Por outro lado, a nova previsão da safra agrícola de 2018/2019,
divulgada pelo IBGE na última semana, reforça este cenário benigno da
inflação pela manutenção, por um prazo seguido de três anos, de uma
oferta abundante de alimentos nos mercados internos. Não vai ser por
problemas de oferta que poderemos ter alguma surpresa desagradável neste
segmento importante de preços e que representa cerca de 40% do IPCA.

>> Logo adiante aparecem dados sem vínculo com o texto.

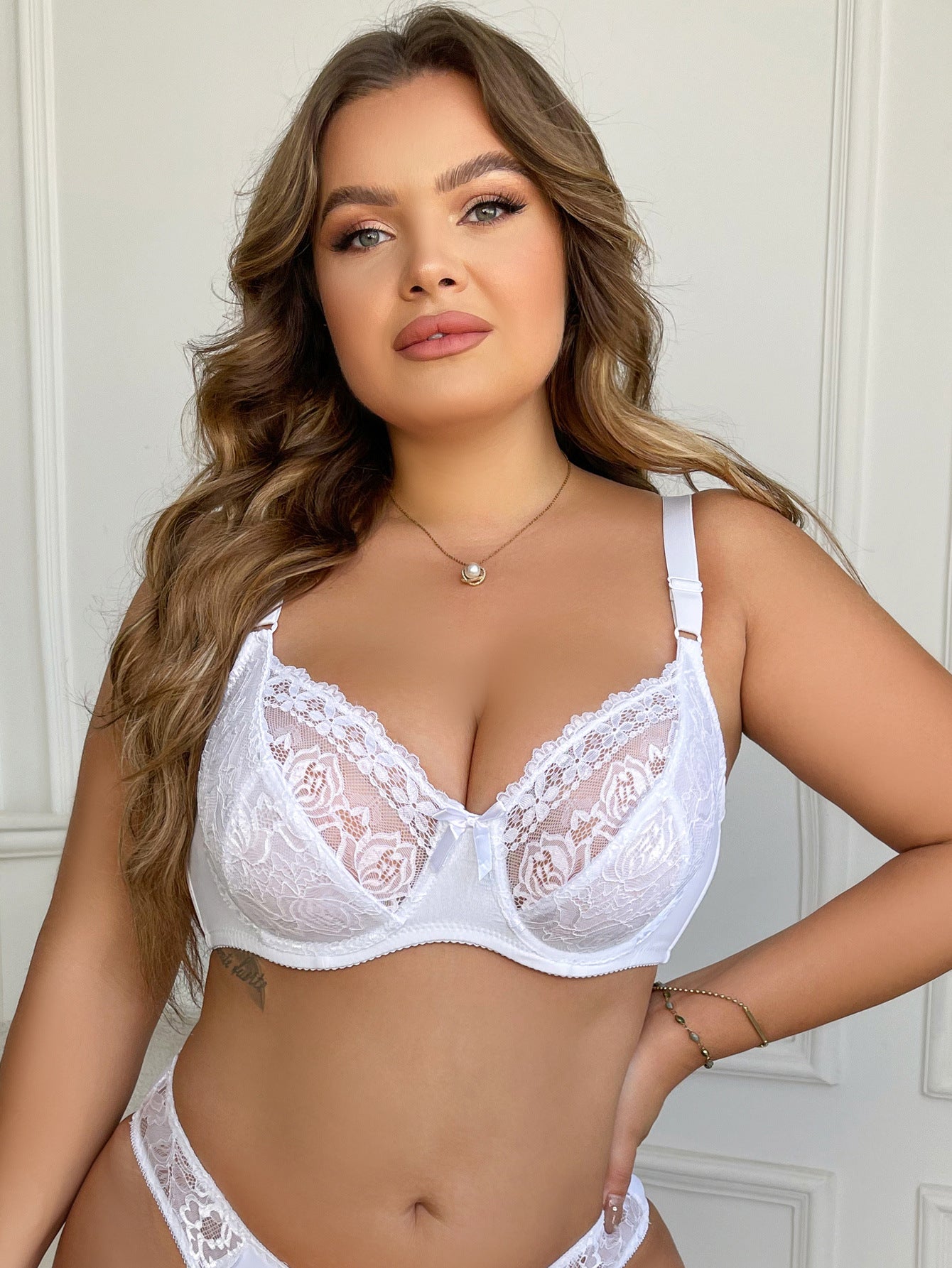 A cross-border new European and American ultra-thin double-breasted steel ring lace underwear adjustable plus size bra bra bra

Outro efeito importante da produção agrícola prevista para 2019 é a
manutenção de um saldo comercial superior a US$ 60 bilhões em nossa
balança de pagamentos. Sem a ocorrência de uma verdadeira catástrofe nos
mercados externos de capitais, a taxa de câmbio no Brasil deve ficar no
intervalo de R$ 3,50 a R$ 3,80. Cabe aqui ressaltar que, no cenário
econômico e político que espero, a entrada de capitais externos deve
pelo menos manter os níveis atuais de US$ 65 bilhões anuais,
fortalecendo o real.
Além da possibilidade de um crescimento econômico sólido em seu primeiro
ano na Presidência, outro fator extremamente positivo para o novo
governo é o apoio da população, como mostram pesquisas recentes
divulgadas. Com mais de dois terços dos brasileiros confiando no novo
presidente fica mais fácil a relação do Palácio do Planalto com o
Congresso. Esta combinação - crescimento econômico e apoio da população -
é suficiente para que a equipe do presidente possa, pelo menos
inicialmente, encaminhar a questão da reforma da previdência. Isto deve
ser suficiente para acalmar os mais agitados com a questão fiscal e da
dívida pública.
Com isto, creio, estará criada a condição suficiente para a economia
crescer algo como 3% ao ano na parte final do ano próximo. À medida que
este cenário se consolide entre a mídia e os principais analistas
econômicos, a tarefa do governo, em relação à agenda de reformas que se
fazem necessárias para um crescimento econômico sustentado, ficará
facilitada pela manutenção de um otimismo perdido há muito tempo na
sociedade brasileira. Apenas alguma barbeiragem política grave na base de apoio do governo
pode levar a um cenário diferente deste nos próximos meses. A falta de
experiência - política e administrativa - do PSL, partido de Bolsonaro, é
um risco que só pode ser afastado pelo acompanhamento dos fatos nos
próximos meses. A montagem do novo ministério, primeiro teste efetivo do
potencial de governabilidade do governo eleito, terminou com poucos e
negligenciáveis percalços. O próximo desafio será a gestão do processo
de alternância de poder no Senado e Camara de Deputados, agora em
janeiro.
Uma última peça para a montagem de meu cenário para 2019 fica por conta
da economia internacional e, apontada hoje pelos mercados, como maior
fator de risco para a economia brasileira. O estabanado governo do
presidente Trump é hoje responsável por um cenário de confronto nas
relações internacionais e pelo risco real de recessão na maior economia
do mundo. O agravamento do confronto comercial com a China, parte de um
conflito maior entre a economia mundial dominante e a China que em
poucos anos tomará esta posição, pode acelerar os riscos de recessão
econômica já contratada pelos erros cometidos no front fiscal pelo
presidente americano. A combinação destas duas forças desestabilizadoras
pode criar uma situação internacional muito difícil.
Mas o Brasil, dada a situação de nosso ciclo econômico, certamente vai
sofrer menos as consequências deste cenário em 2019. Particularmente não
visualizo riscos maiores para nós vindo do front externo e que
inviabilize o cenário local projetado acima.